Three Examples of Engagement through Photovoice
Addressing the complex challenges of today’s world requires our collective creative capacity. As such, arts-based methods which promote creativity are increasingly important means of engaging people in the issues that matter most to them. This article focuses on one arts-based method, Photovoice, which is a “process by which people can identify, represent, and enhance their community through a specific photographic technique” (Wang & Burris, 1997, p. 369) where participants take photos in response to a question or topic of inquiry. To explore this engagement method, we draw from the methodological insights gleaned from three Master’s Arts in Leadership capstone projects that employed Photovoice (or variations thereof) as one method of inquiry.

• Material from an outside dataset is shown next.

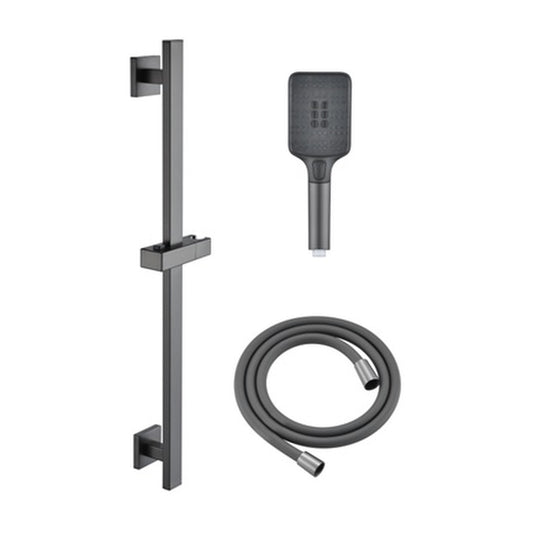 NOUS Hand Shower Set with Slide Rail 20HS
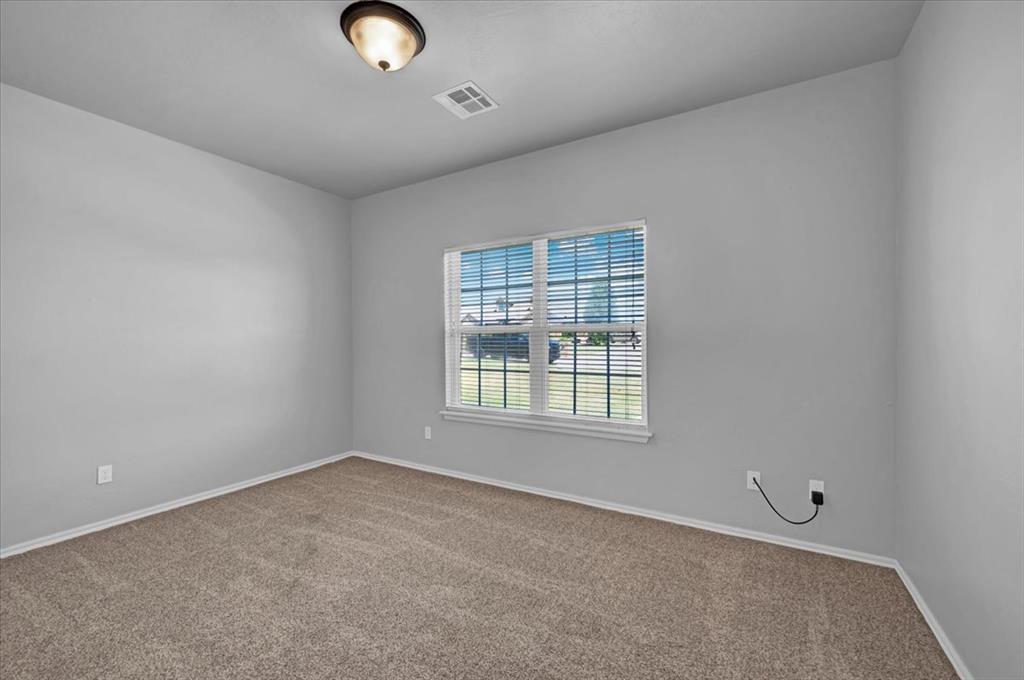 5800 Se 142nd Street Property Photo 22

The article is organized as follows: We begin by reviewing Photovoice as a research and engagement method and then summarize the three projects, which occurred in two nonprofit organizations and one public sector institution. In the discussion, we then compare and contrast the methodological insights emerging from these projects, including the extent to which each project: (a) enabled workers at various levels of organizational hierarchies to share their voices; (b) required careful attention to ethics; and (c) generated relationships among participants. As this is a methodological paper, our emphasis here is to highlight the process and impact of using Photovoice as a method rather than sharing each of the study findings and conclusions. In each example, Photovoice as both a research and engagement method enabled participants to play a leadership role in participatory engagement, thus deemphasizing top-down decision-making and promoting more integrated approaches to research and leadership as engagement.